Sunday Times (Johannesburg) - October 15, 2008
Claire Keeton
Top researchers at the international AIDS Vaccine Conference 2008 today debated whether monkeys should be the "gatekeepers" for whether human clinical trials of new vaccines go ahead.
One of the strongest points from the "No" team, opposing the proposal of "non-human primates as gatekeepers", was that this would delay the process of testing vaccines in people.
David Weiner from the School of Medicine at the University of Pennysylvania, who helped to develop the vaccines against the rotavirus, cholera and malaria said: "We used humans quickly as far as we could."
He also made the point that macaques were an "imperfect model" for humans since they were different, in physiology and gut flora to name just two differences.
"Microbicides protected macques and they did not protect humans," said Weiner.
In contrast, Dr Paul Johnson from the Primate Research Center at Harvard Medical School, from the "Yes team" said that: "SIV/macaque models accurately mirror the course of HIV infection in humans."
He said: "Monkeys serve as a reasonable tool to predict immunogenicity (measuring their immune response)."
If primates have no response to an experimental vaccine, humans are not likely to respond either, argued Johnson, supporting the animal model testing as "an important screening tool" that could save millions of dollars.

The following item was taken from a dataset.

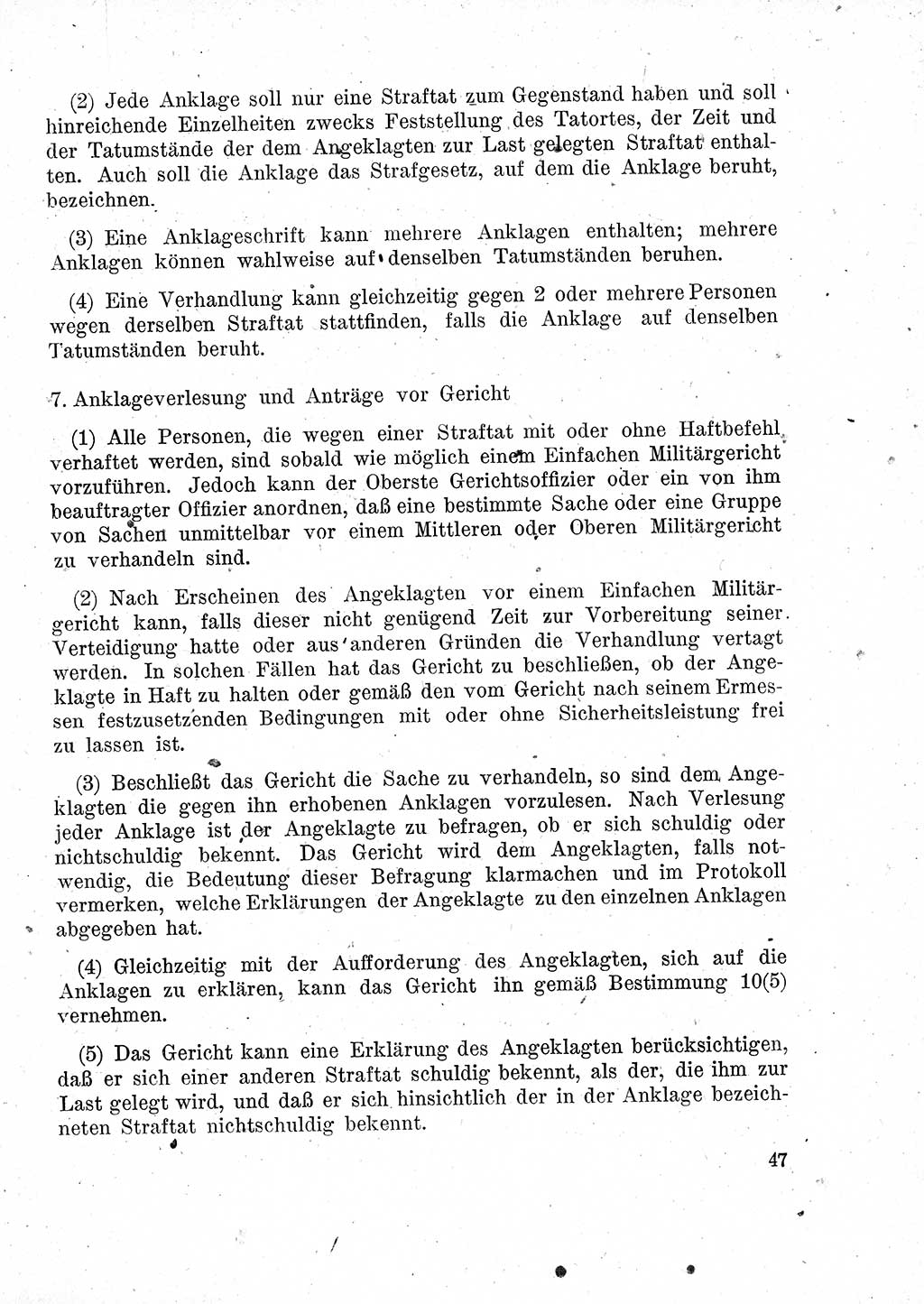 Das Recht der Besatzungsmacht (Deutschland), Proklamationen, Deklerationen, Verordnungen, Gesetze und Bekanntmachungen 1947, Seite 47 (R. Bes. Dtl. 1947, S. 47)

Peggy Johnston, of the US National Institute of Allergy and Infectious Diseases, said the opposing teams had agreed that:
# Non-human primate models certainly are useful;
# Immunogenicity data in non-human primates for new vaccines should be taken into account;
# The decision to move forward cannot be based on monkey data alone; and
# Non-human primates are not appropriate gatekeepers for all vaccines.
Neither team argued that monkey data should block Phase I (first phase of testing the safety and efficacy) trials of new vaccine candidates for research going ahead.
The "Yes" team said such data could help prioritise which vaccine to choos, and they suggested a "low bar" (showing a vaccine offers some immunogenicity and efficacy against infection) to scale up to Phase II trials.
Jeffrey Lifson, from the "Yes team, concluded: "The real role for macaques as gatekeepers is not that you have to jump the bar but that you are forced to answer relevant questions."
In contrast, Jerald Sadoff fromt the "No" team stated that no decisions should be made from the results of non-human primate data as there is no valid model.
At the moment there is no effective vaccine against HIV -- which means there is no way of knowing if a vaccine would work on monkeys or not -- and thus no "validated model" in non-human primates, he stated.